Der Mailänder Unternehmer Hans Deichmann erhielt eben den Geschwister-Scholl-Preis für sein Buch „Gegenstände“. Der Preis wird von der Stadt München und dem Bayerischen Verleger- und Buchhändler-Verband verliehen. Der Preisträger, 1907 in Köln geboren, ist ebenso ungewöhnlich und bemerkenswert wie sein Buch.

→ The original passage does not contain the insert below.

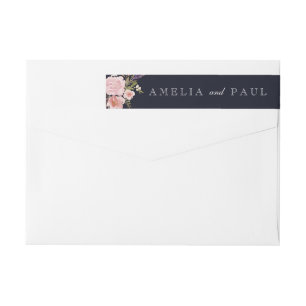 Navy Pink Floral Watercolor Wedding Envelope Label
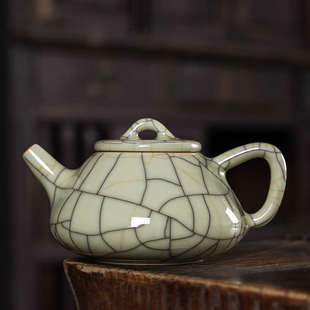 龙泉功夫茶具茶壶单壶石瓢壶陶瓷传世哥窑纯手工泡茶家用冰裂可养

„Es war im vorletzten Jahre des Ersten Weltkriegs, die einzige Fliegerbombe war auf Köln noch nicht gefallen, aber Deutschland hatte schon damit begonnen, den Krieg verdientermaßen zu verlieren“: So beginnt das erste Erzählstück „Das Raumschiff“ in Hans Deichmanns Lebens- und Jahrhundert-Erinnerungen. Der Autor stammt aus der großbürgerlichen Kölner Kaufmanns- und Bankiersfamilie Deichmann, die unweit des Doms damals ein „Doppelpalais ungeheuren Ausmaßes“ bewohnte. Im „Raumschiff“, einer Kinderschaukel im Treppenhaus, lernte HD, wie sich der Erzähler und Chronist neutral und bescheiden nennt, seine persönliche Unabhängigkeit.

Er versuchte, sie sich unter schwierigen Umständen ein Leben lang zu bewahren. Beim Chemieunternehmen I.G. Farben angestellt, wurde HD während des Zweiten Weltkrieges als Beauftragter des NS-Generalbevollmächtigten für Sonderfragen der chemischen Erzeugung ins faschistische Italien dienstverpflichtet. Nach mehreren Dienstaufenthalten auf der Baustelle der I.G. Farben im KZ Auschwitz während der Jahre 1942 bis 1944 sah er nicht nur die Verbrechen von SS und Wirtschaft, sondern faßte auch den Entschluß, mit dem italienischen Widerstand zusammenzuarbeiten.

Er blieb Mitarbeiter der I.G. Farben und trat in die Widerstandsbewegung „giustizia e libertà“ ein. Er wurde bewußt „Verräter“ und arbeitete für die möglichst schnelle Niederlage seines „Vaterlandes“.

HD ist kein Schriftsteller, sondern Kaufmann. Erst im hohen Alter verfaßte er seinen literarischen Rückblick unter dem Titel „Oggetti – Gegenstände“. Das Buch erschien zunächst 1995 als zweisprachige Ausgabe in einem kleinen Mailänder Verlag. Der Titel verdankt sich dem Erzählstil HDs, nicht sich als Person, sondern bedeutsame oder symbolische, meist alltägliche Gegenstände (Brille, Gummifinger, Nachttopf, Fahrräder, Arbeitsfrontmütze) in den Vordergrund zu stellen. Die einsprachige Ausgabe erschien vor einigen Wochen.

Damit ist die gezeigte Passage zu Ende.